それらの情報を元に、まずはどのリクエストに対するレスポンスなのかを判断し、
結果が成功か否か等のステータスを判断した後に、
渡されて来た値を使って処理をするというのが一般的です。
続いて、『finish();』する側、値を送り返す遷移先側の実装を見てみましょう。
// intentの作成 Intent intent = new Intent(); // intentへ添え字付で値を保持させる intent.putExtra( "key", "result_val" ); // 返却したい結果ステータスをセットする setResult( Activity.RESULT_OK, intent ); // アクティビティを終了させる finish();
値の格納方法は、遷移先へ値を渡す方法と同じ様に、intentを作成して
『putExtra()』にて値を保持させます。
そして、結果セットとして返却する(onActivityResultへ送り返す)値を
『setResult()』にて指定します。
第一引数には結果ステータスを。第二引数には引き渡したい値を保持したintentです。
後は、特にスタートさせるActivityも無いので、そのまま『finish()』して下さい。

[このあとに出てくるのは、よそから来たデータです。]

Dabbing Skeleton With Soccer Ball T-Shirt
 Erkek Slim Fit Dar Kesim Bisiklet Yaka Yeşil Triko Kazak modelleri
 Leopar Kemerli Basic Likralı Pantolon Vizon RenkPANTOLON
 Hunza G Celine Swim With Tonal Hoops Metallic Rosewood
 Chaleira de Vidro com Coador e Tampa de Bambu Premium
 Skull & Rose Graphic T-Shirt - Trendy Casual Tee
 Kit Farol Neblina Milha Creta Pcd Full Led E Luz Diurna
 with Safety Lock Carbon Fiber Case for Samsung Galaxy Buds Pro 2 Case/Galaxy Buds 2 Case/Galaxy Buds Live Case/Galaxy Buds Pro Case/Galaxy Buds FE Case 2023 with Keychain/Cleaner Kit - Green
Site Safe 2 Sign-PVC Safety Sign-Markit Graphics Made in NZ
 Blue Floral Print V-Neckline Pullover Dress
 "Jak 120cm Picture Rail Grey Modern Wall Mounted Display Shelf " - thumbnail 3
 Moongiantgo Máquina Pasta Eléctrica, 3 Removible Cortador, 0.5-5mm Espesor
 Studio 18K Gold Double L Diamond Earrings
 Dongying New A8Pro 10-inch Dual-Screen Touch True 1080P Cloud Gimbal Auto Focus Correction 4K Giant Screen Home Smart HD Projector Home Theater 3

Activityを『finish()』させる事で、呼び出し元の『onActivityResult()』メソッドが起動されます。
これで、遷移先へ値を渡す事が出来、渡されて来た値を受け取る事も出来る。
遷移先から遷移元へコールバックの様な形で値を返却する事が出来る用になりました。
Androidアプリ開発では、複数のActivityを介して
様々な値をやり取りしますので、基本的な値の引渡し方法として念頭に置いて頂ければ幸いです。
実際、値の引渡しには専用の共通クラスを用意したり、サービスを利用するなど
intentを利用した方法以外にも存在します。
そういった別の扱い方は、別の機会に解説したいと思います。
まずは基本中の基本となるintentの扱いを身に着けて頂ければ幸いです。